Ha. I know that feeling, and this is probably something I should've let happen to me with these dangerous commands. Would definitely make my experience with cp a lot better. I have so many aliases I've made to make my life easier, but I just end up typing in the full command every time. :D
`rm -i` with a yes to a read-only file does delete that file. But maybe I'm misunderstanding what you mean by it being a no-op.
'rm' (without '-i') does exactly the same. so for read-only files, '-i' changes nothing.
whereas '-f' does change the behavior of 'rm' on read-only files. it doesn't just override '-i'.
Ah. I totally see what you meant now. Thank you for clarifying!

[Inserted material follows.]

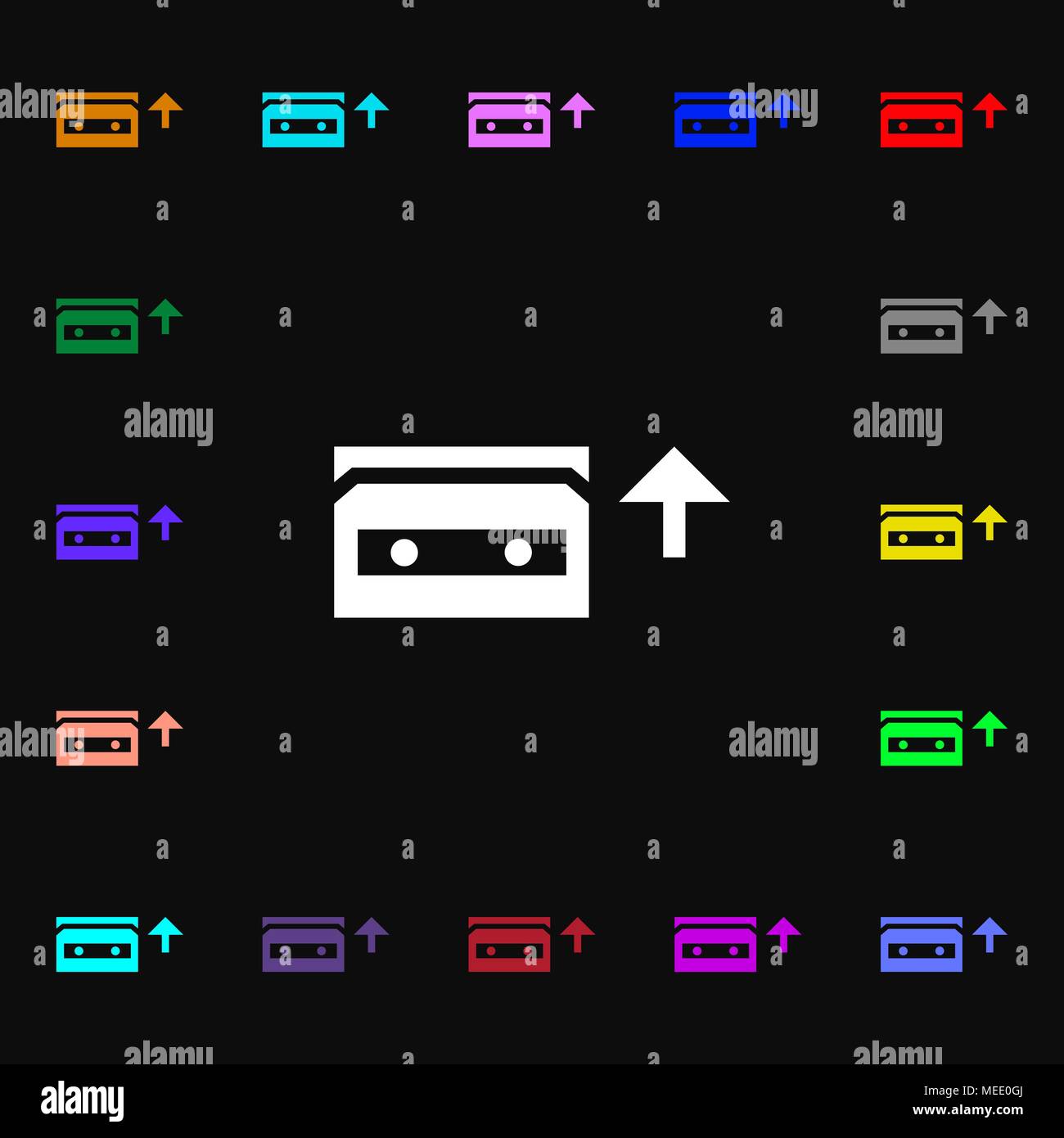 audio cassette icon sign. Lots of colorful symbols for your design ...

I had thought you mean that `rm -i` would do nothing to read-only files. Not that the flag itself was a no-op.
For context, according to the rules of the subreddit you must provide the full sequence of prompts used to generate the output, but no such sequence is given.
Also Claude didn't "try" to do anything of course. Such a title is nonsense at best.
What is the full sequence of prompts when using agent mode?
It just continues to do things... That's the value prop.